PROBLEM DESCRIPTION: Please return the data that follows precisely as written, but without the images.

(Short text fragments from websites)
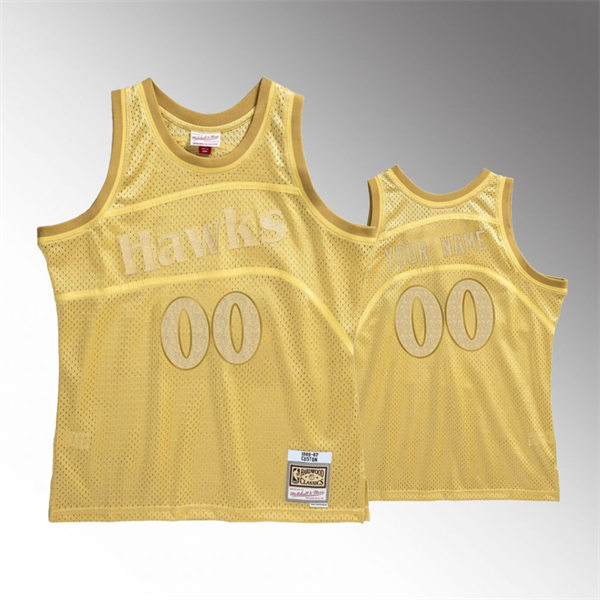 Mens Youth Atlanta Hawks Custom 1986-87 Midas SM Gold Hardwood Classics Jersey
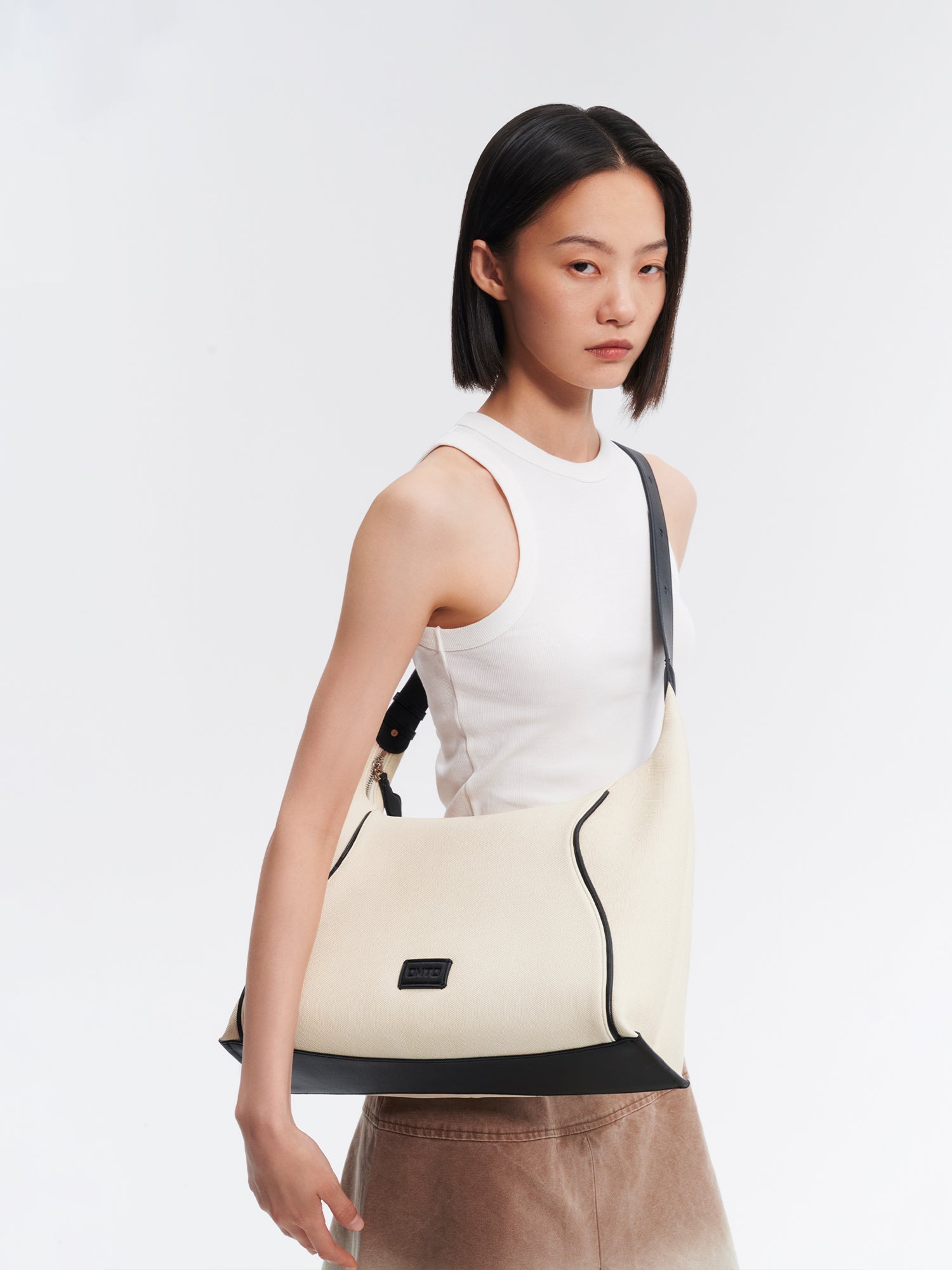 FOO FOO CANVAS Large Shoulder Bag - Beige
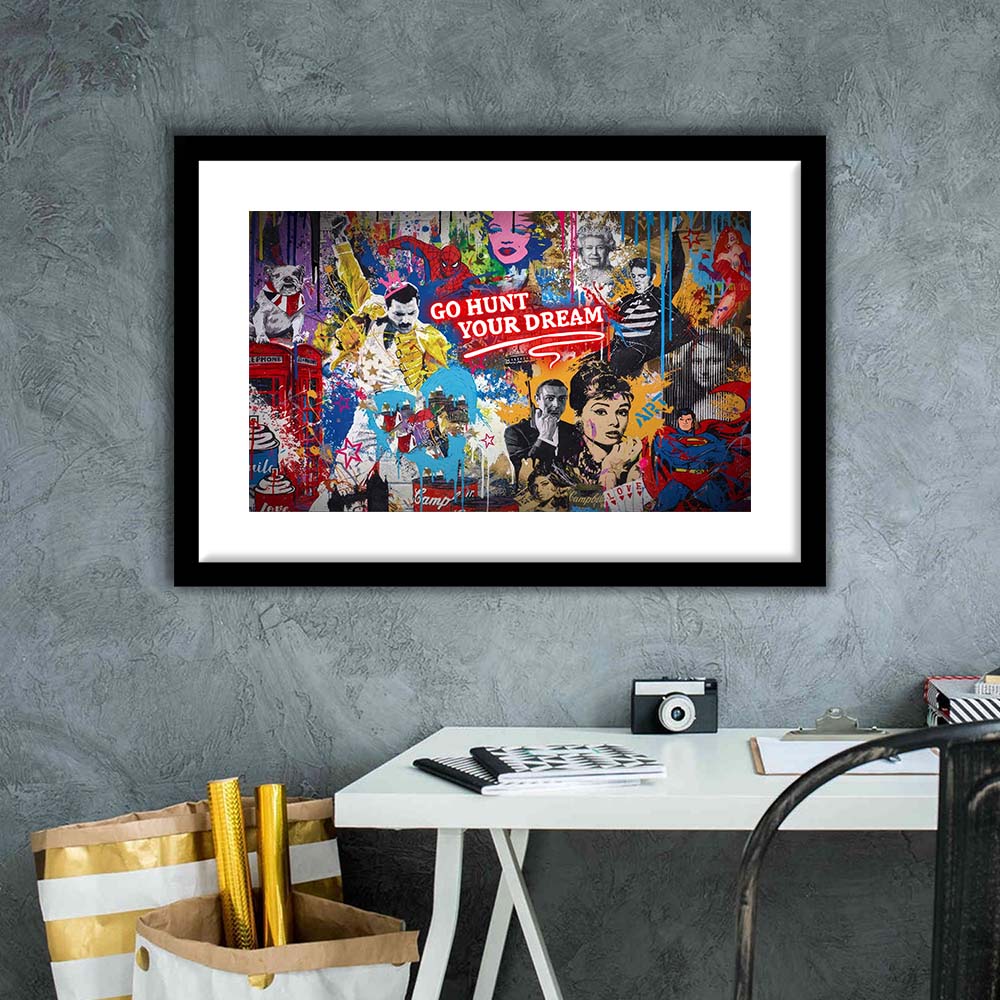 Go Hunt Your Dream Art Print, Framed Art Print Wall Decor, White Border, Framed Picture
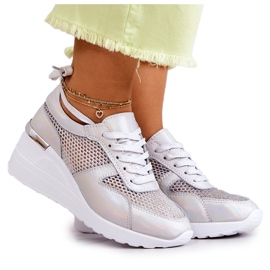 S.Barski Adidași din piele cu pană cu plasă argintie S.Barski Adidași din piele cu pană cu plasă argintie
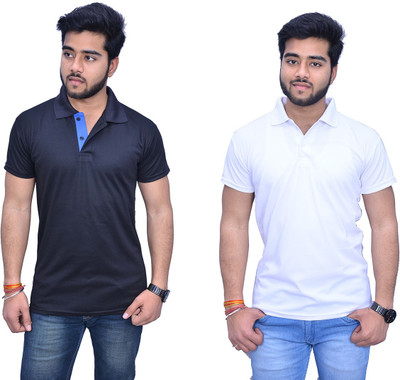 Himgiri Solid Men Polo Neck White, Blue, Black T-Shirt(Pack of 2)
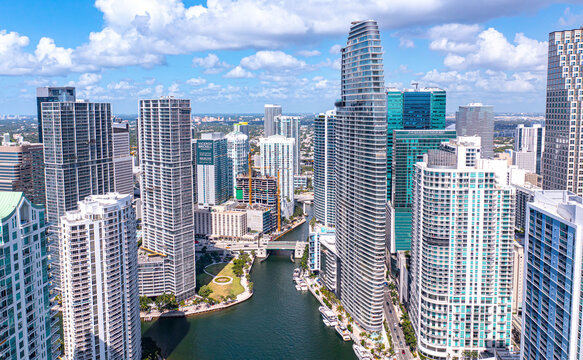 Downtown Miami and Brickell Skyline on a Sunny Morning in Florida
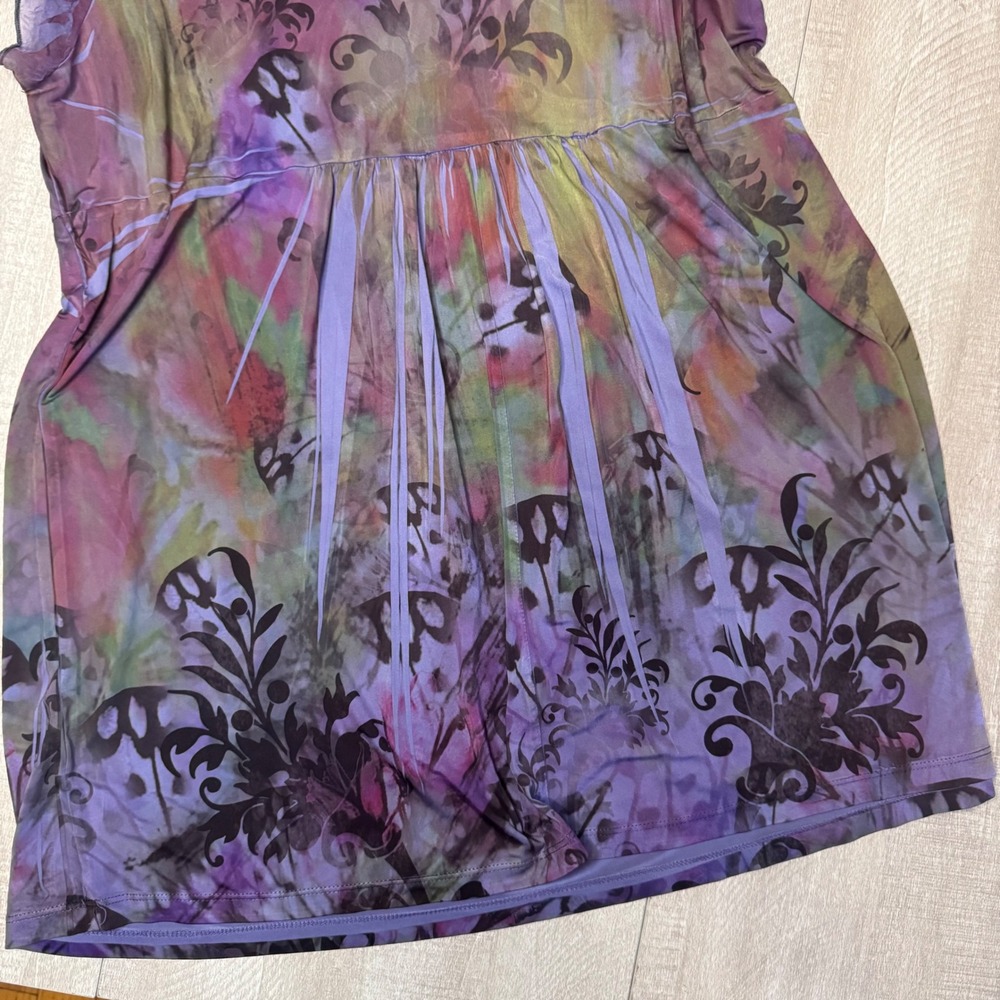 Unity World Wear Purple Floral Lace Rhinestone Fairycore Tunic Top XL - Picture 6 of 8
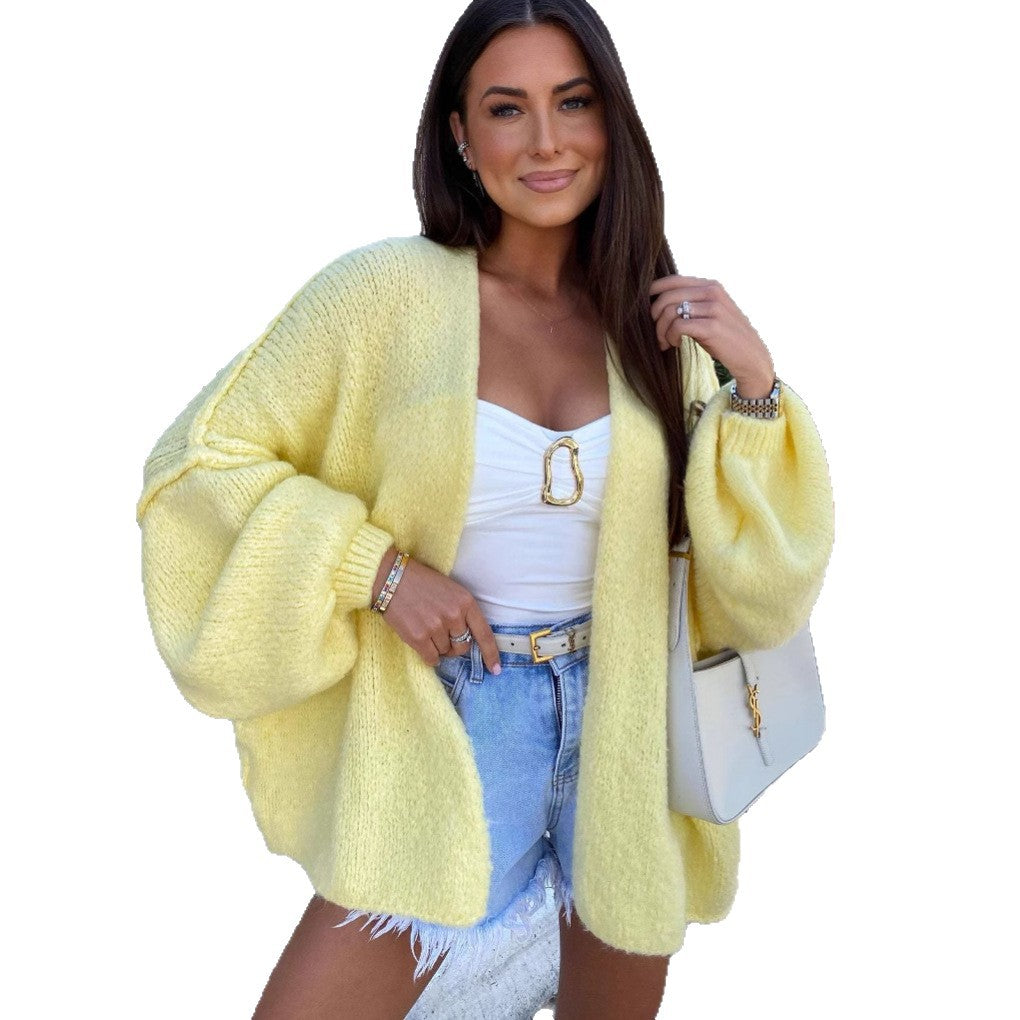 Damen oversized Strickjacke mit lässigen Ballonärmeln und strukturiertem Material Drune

SOLUTION TO THE EXERCISE:
 Mens Youth Atlanta Hawks Custom 1986-87 Midas SM Gold Hardwood Classics Jersey
 FOO FOO CANVAS Large Shoulder Bag - Beige
 Go Hunt Your Dream Art Print, Framed Art Print Wall Decor, White Border, Framed Picture
 S.Barski Adidași din piele cu pană cu plasă argintie S.Barski Adidași din piele cu pană cu plasă argintie
 Himgiri Solid Men Polo Neck White, Blue, Black T-Shirt(Pack of 2)
 Downtown Miami and Brickell Skyline on a Sunny Morning in Florida
 Unity World Wear Purple Floral Lace Rhinestone Fairycore Tunic Top XL - Picture 6 of 8
 Damen oversized Strickjacke mit lässigen Ballonärmeln und strukturiertem Material Drune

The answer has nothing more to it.